Gray Scramble, 1968, painted just two years before the artist's major retrospective at the Museum of Modern Art in New York, is a bold example of Stella's massive canvases that bridge the gap between the monumentality of Abstract Expressionism and the exactitude of Minimalism. Taking their name from a 1967 piece of choreography by Merce Cunningham, for which Stella designed both sets and costumes, the “Scramble” series returned to the rectilinear format of the artist’s earlier works, following a period of experimental shaped canvases typified by the “Protractor” and “Irregular Polygon” series of the 1960s. Drawing upon the optically rich color palettes of those series, combined with the rectangular composition of Stella’s “Black Paintings”, works like Gray Scramble are a synthesis and culmination of Stella’s two most lauded bodies of work.

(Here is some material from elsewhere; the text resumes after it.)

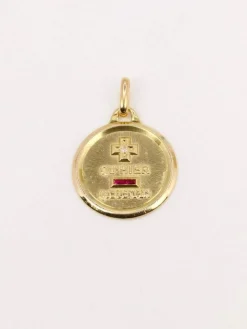 Médaille amour Augis ronde Plus qu'hier moins que demain or jaune diamant rubis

Composed of two sets of concentric squares -one set snugly next to the other- on a single horizontal canvas, Gray Scramble approaches color in an orderly, almost mathematical manner. The left squares run the spectrum from white to deep purple starting at the center, while the right square gets lighter as one approaches its outer border. Alternating with lines of gray, these color sets push and pull at the viewer’s eye, while also referring to the progression of grayscale and Stella’s earlier “Black Paintings”. Striking chromatic opposites, the two squares are composed on the artist’s trademark three-inch stretcher, which mimics the thickness of each painted band.

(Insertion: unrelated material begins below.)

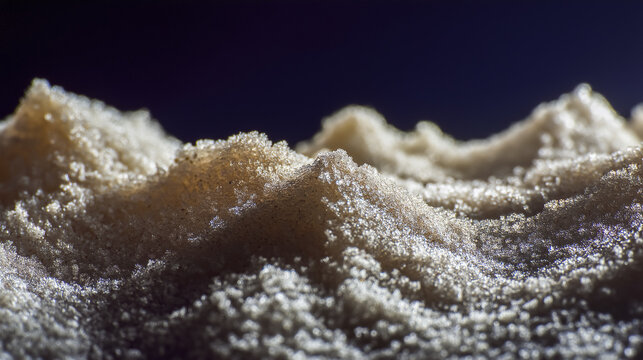 Macro photo of salt crystals shaped like tiny mountain range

The double-format of the present work gives the painting extraordinary optical dynamism and challenges established modes of perception; Stella's ingenious arrangement of color and line draws the eye to the center of the composition and creates a dueling sense of receding and projecting depth. Simultaneously, the regular schematic pattern exemplified by the uniform width of the bands, coupled with Stella's precise modulation of color and tonal values, collapse space into a single flattened plane.
Gray Scramble was previously part of the seminal collection of renowned art collector and architect Graham Gund, which quietly boats major works by many of the most preeminent artists of the 20th century, including Frank Stella’s monumental shaped canvas Madinat As-Salam 1, 1970. Recently, Mr. Gund donated 80 works to Kenyon college. Similar works to Gray Scramble can be found in museum collections around the world, including Gray Scrambled Double Square, 1964, in The Museum of Modern Art in New York, and Gran Cairo, 1962 in The Whitney Museum of American art in New York. The present work has been in the same family collection since 1991.